═════ GIVEN RECORDS
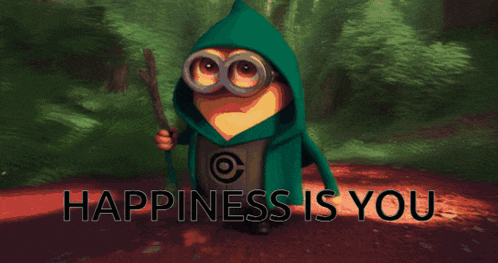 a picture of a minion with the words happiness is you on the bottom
══════════
═════ GIVEN RECORDS
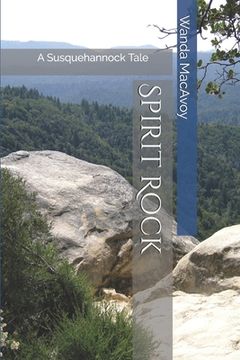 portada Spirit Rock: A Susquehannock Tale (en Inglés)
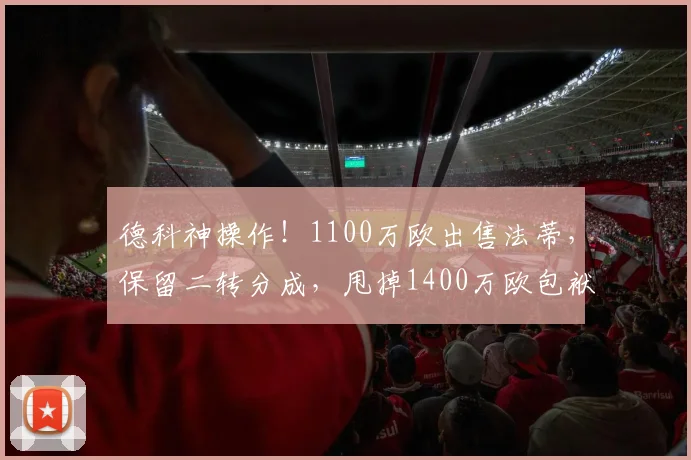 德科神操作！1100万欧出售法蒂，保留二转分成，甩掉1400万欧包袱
══════════
═════ GIVEN RECORDS
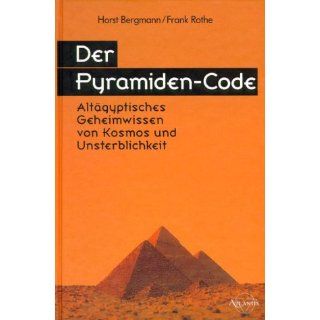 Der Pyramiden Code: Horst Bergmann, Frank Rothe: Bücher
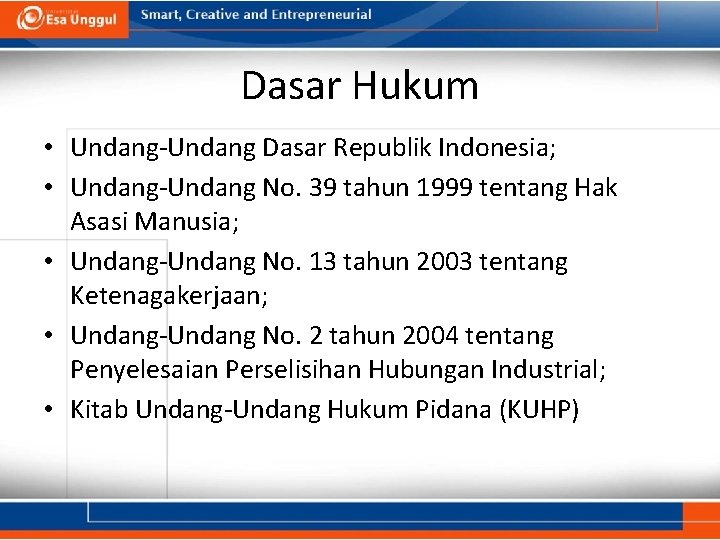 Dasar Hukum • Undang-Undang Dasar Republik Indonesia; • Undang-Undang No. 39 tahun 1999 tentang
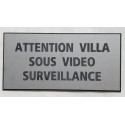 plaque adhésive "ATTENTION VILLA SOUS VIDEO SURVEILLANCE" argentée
══════════
■ **WHAT THE TASK ASKS**: Print the part of the listing above that opens with the line containing "portada Spirit Rock: A" and closes with the line containing "德科神操作！1100万欧出售法蒂，保留二转分成，甩掉1400万欧包袱". Copy it exactly, both ends included, and omit the pictures.

■ **WRITTEN SOLUTION**:
 portada Spirit Rock: A Susquehannock Tale (en Inglés)
 德科神操作！1100万欧出售法蒂，保留二转分成，甩掉1400万欧包袱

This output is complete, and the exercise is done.